Aditya Narayan Sharma
Feb 15, 2016

$\prod_{r=3}^{\infty}\left (\dfrac{r^{3}-8}{r^{3}+8} \right )$ Here We should factorise them and write seperately, $\prod_{r=3}^{\infty}\left (\dfrac{r-2}{r+2}\dfrac{r^{2}+2r+4}{r^{2}-2r+4} \right )$

= $\frac{1.2.3.4.......\infty}{5.6.7........\infty}$ $\frac{19.28.......\infty}{7.12.19.28........\infty}$ [Putting the values of r for first few numbers]

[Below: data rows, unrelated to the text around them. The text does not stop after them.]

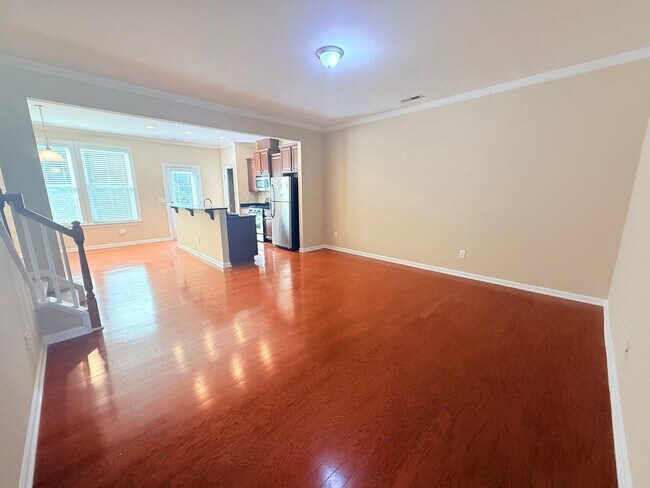 Foto del edificio - Beautiful Providence Place Townhome Near RTP & RDU – Pool Community!
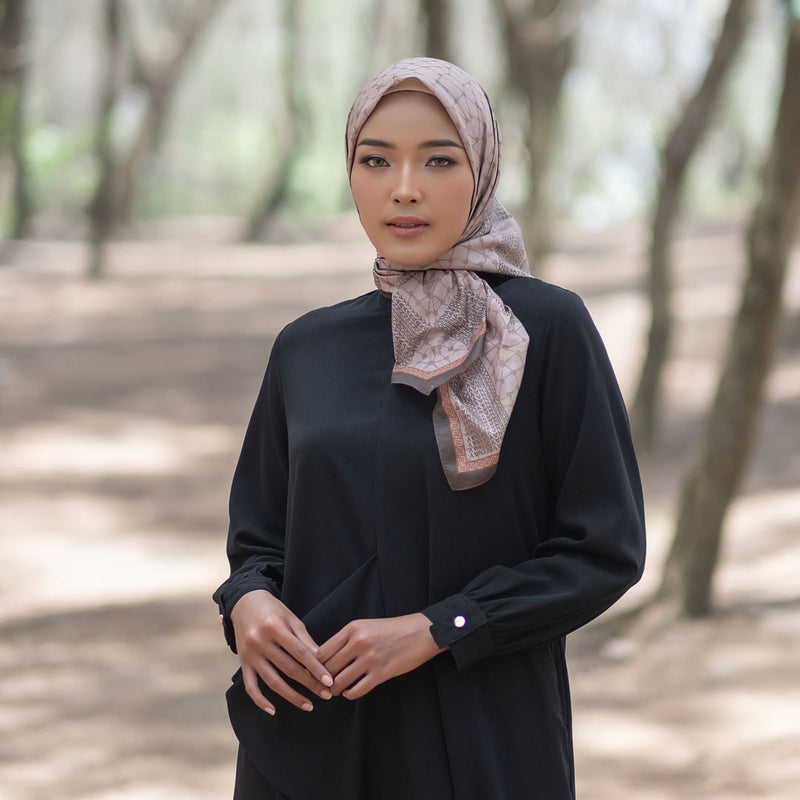 Hijab Motif Segi Empat Deenay Mono Rasse Series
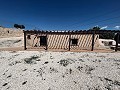 Magnífica casa cueva totalmente reformada con piscina en el Valle de Hondon in Pinoso Villas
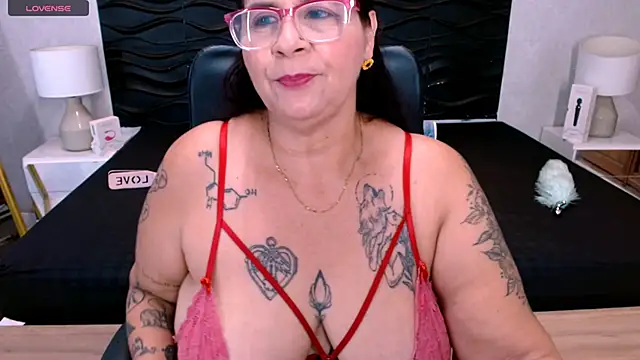 Snapshot of laura_riley chatting on September 23, 3:41 pm laura riley online show from September 23, 3:41 pm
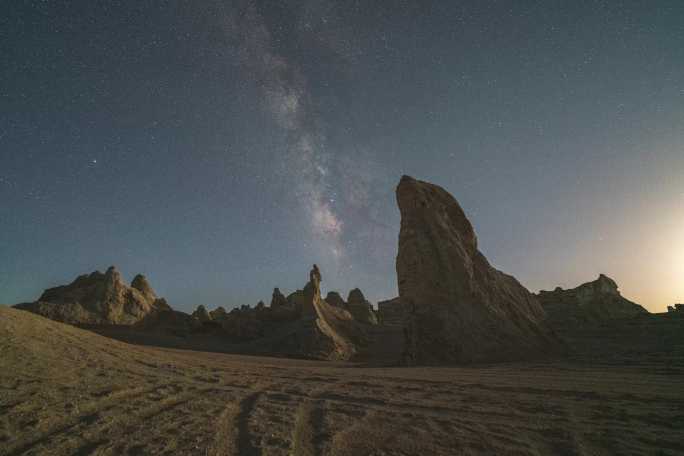 鹅博梁星空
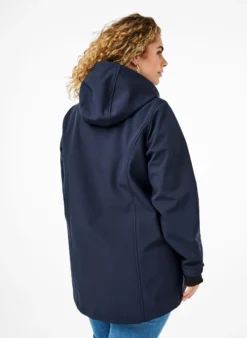Kurze Softshell-Jacke mit abnehmbarer Kapuze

For the fact that (r-2) & (r+2) for any integer r is that (r+2)-(r-2) = 4 So (r+2) comes as the 4th number from (r-2) , Naturally for any r , (r-2) occupies the value of (r+2) if r is increased by 4. So after 4 terms the numerator gets equal to the denominator. For the Next case,

$(r-1)^{2}$ + 3 & $(r+1)^{2}$ are the numerator and denominator respectively. (r+1)-(r-1) = 2 , so after 2 terms (r-1) obtains the value of (r+1). So after 2 terms (r-1) will take the values of (r+1) and the constant term is same '3'. So the denominator gets the values same as the numerator. So they cancel of after 2 terms. After Cancellling We are left with $\dfrac{2}{7}$

So the Answer is : 0.285 (approx)

Moderator note:

Can you explain how "after cancelling ..."?

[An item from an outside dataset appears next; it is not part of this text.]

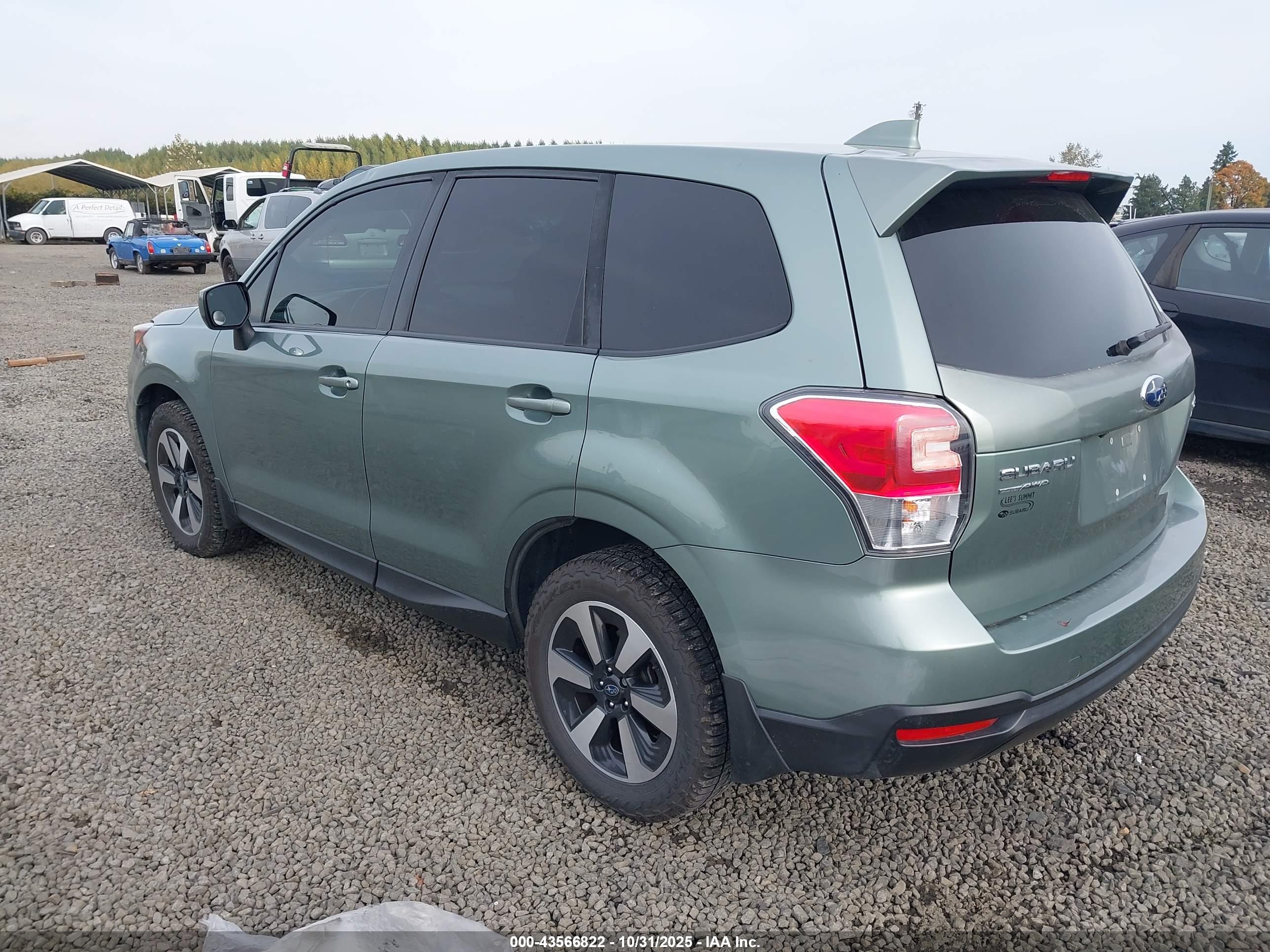 SUBARU FORESTER image 3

Calvin Lin Staff - 5 years, 3 months ago

$\frac{1.2.3.4.......\infty}{5.6.7........\infty}$ - In the sequence the next terms in the numerator and denominator both cancel off. in the next sequence , $\frac{19.28.39.52......\infty}{7.12.19.28.39.52......\infty}$ = $\frac{1}{7.12}$ so everything gets cut off after that. Thus the answer = $\frac{1.2.3.4}{7.12}$ = $\frac{2}{7}$

Aditya Narayan Sharma - 5 years, 3 months ago

How do we know that "everything gets cut off after that"? What is the explanation for that happening, other than observation?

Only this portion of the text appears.